> TO DO
In the listing below, find the line with "Used 2018 GMC" and the line with "Hanshin Tigers prepare", then return them and every line between them exactly, minus the pictures.

> PROVIDED INFORMATION
★ ★ ★ ★ ★

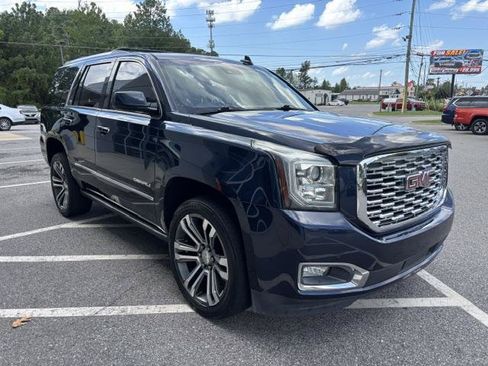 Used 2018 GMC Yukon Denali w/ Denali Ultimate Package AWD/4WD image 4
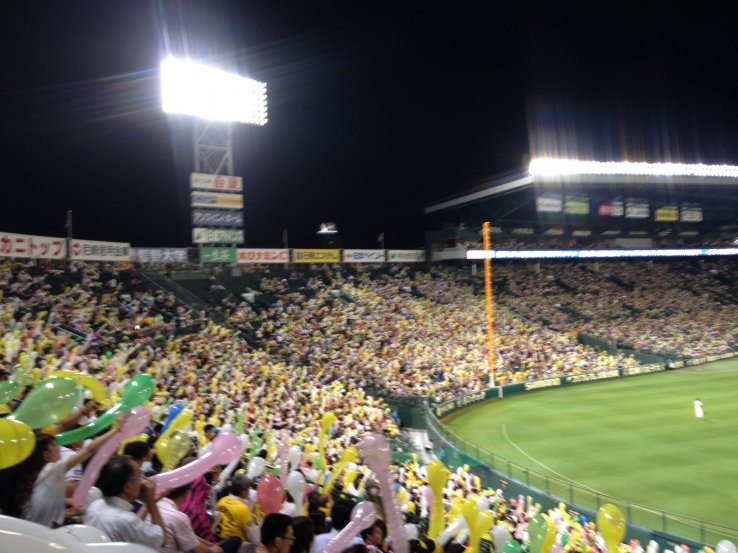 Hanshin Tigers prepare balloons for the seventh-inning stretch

★ ★ ★ ★ ★

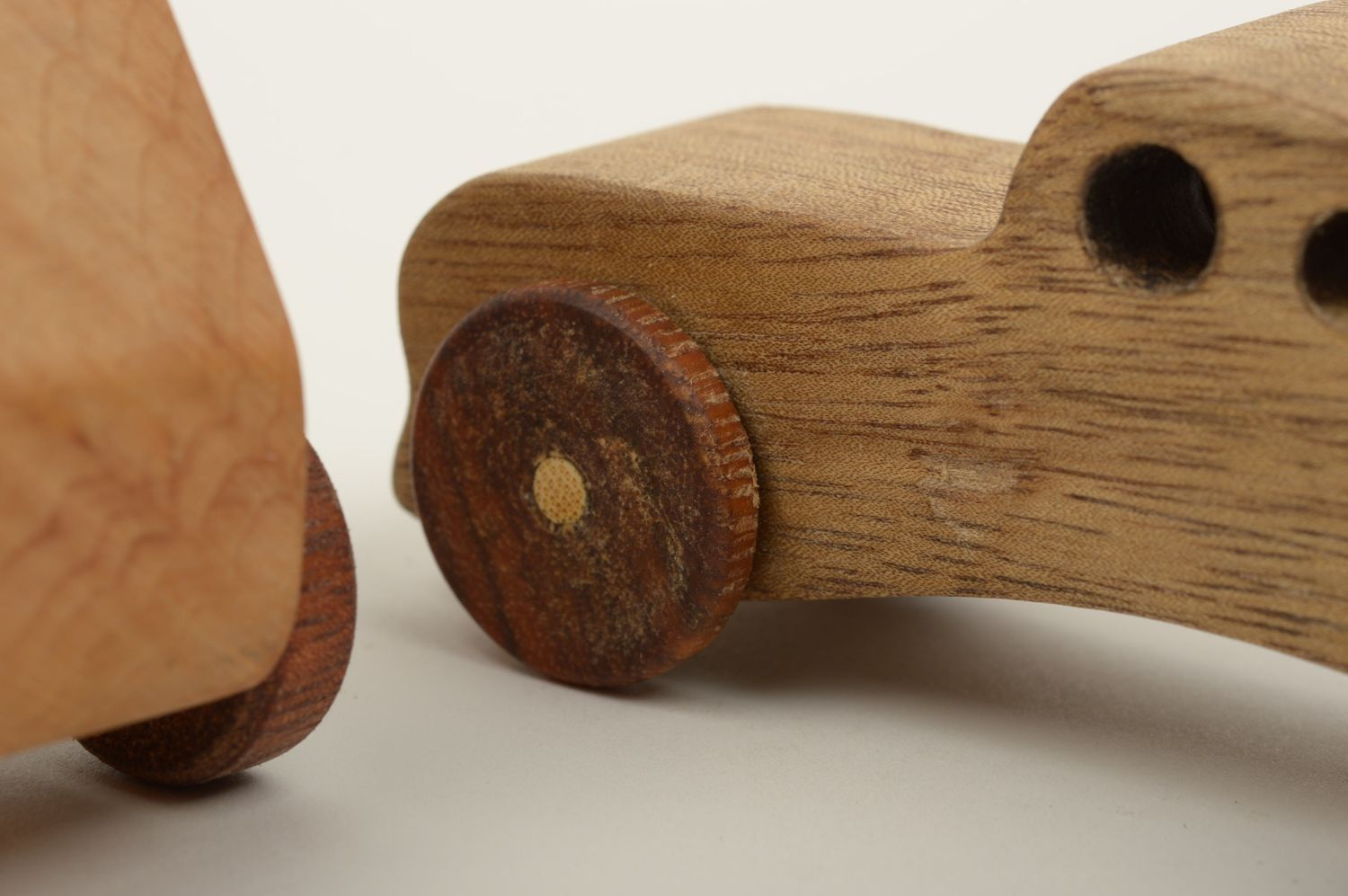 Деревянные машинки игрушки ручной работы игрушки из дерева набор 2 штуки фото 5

★ ★ ★ ★ ★

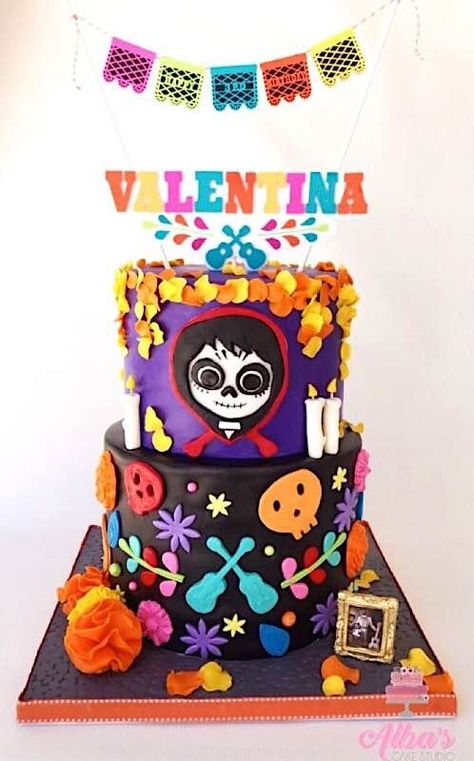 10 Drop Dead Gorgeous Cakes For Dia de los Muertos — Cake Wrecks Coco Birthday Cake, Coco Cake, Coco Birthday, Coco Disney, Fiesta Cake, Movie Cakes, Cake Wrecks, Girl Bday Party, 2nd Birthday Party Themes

★ ★ ★ ★ ★

> SOLVED EXERCISE
 Used 2018 GMC Yukon Denali w/ Denali Ultimate Package AWD/4WD image 4
 Hanshin Tigers prepare balloons for the seventh-inning stretch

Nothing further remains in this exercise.